* _Problem requirements_:
The task requires repeating, word for word, the lines from the one with "顺义区白马路边厂库房出租 2" through the end of the material, leaving out all pictures.

* _Data section_:
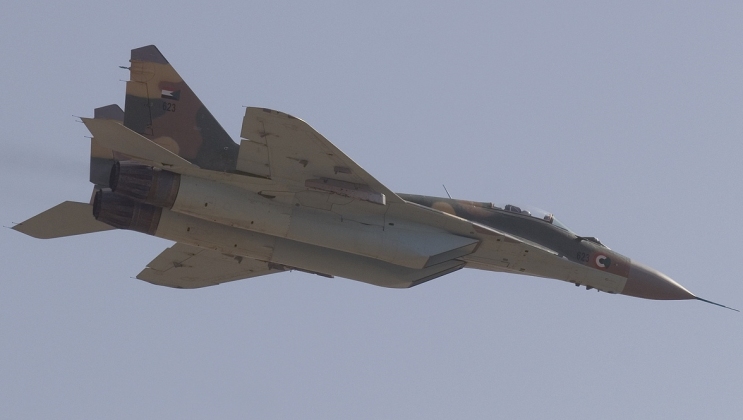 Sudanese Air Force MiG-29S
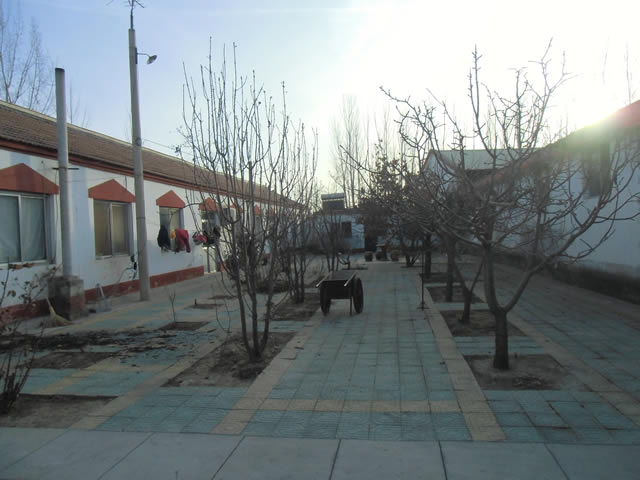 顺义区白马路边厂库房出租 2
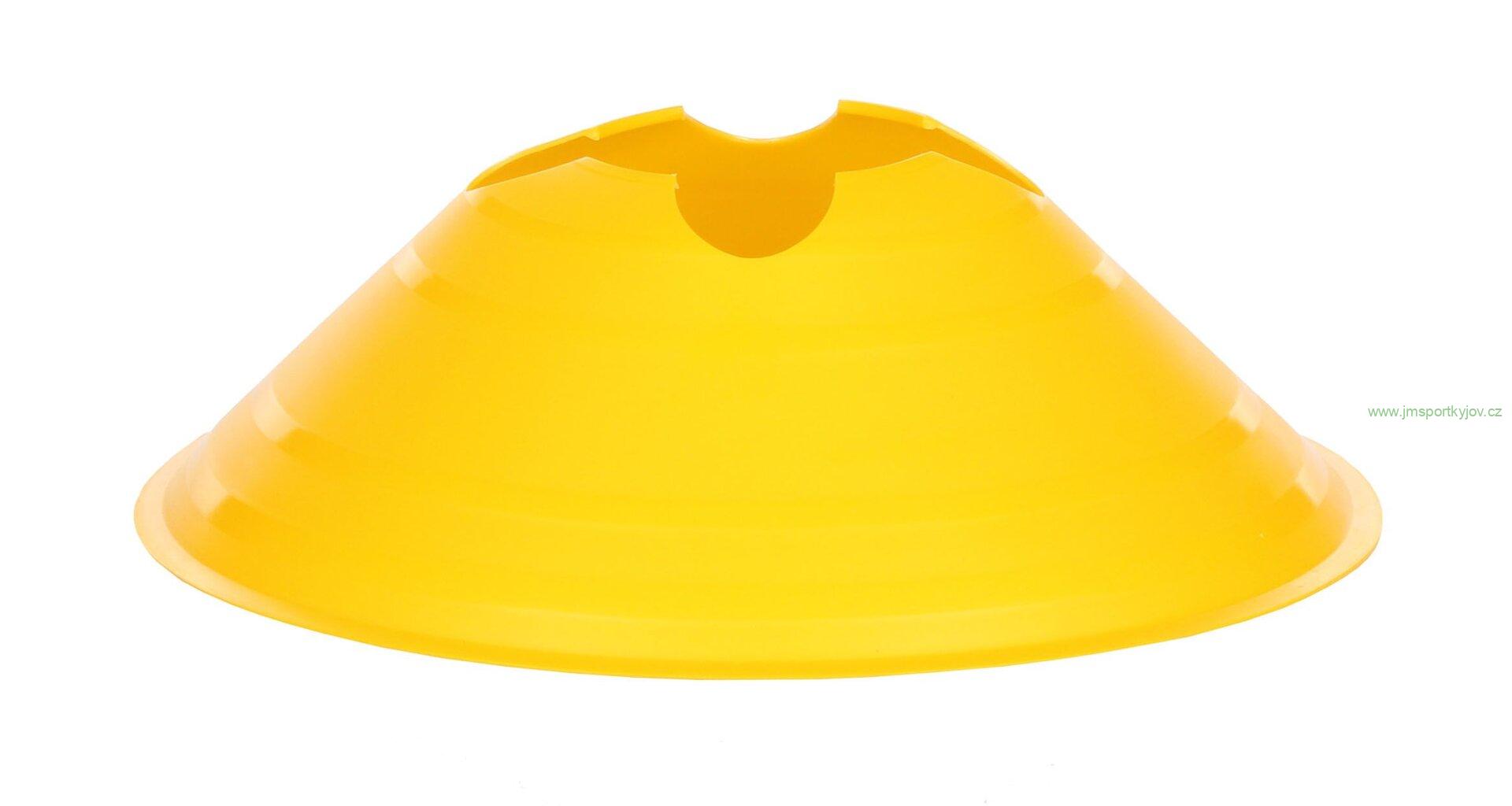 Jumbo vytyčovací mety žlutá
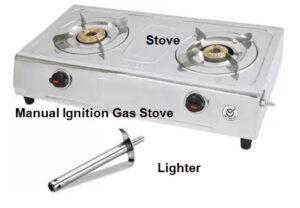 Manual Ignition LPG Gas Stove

* _Your solution_:
 顺义区白马路边厂库房出租 2
 Jumbo vytyčovací mety žlutá
 Manual Ignition LPG Gas Stove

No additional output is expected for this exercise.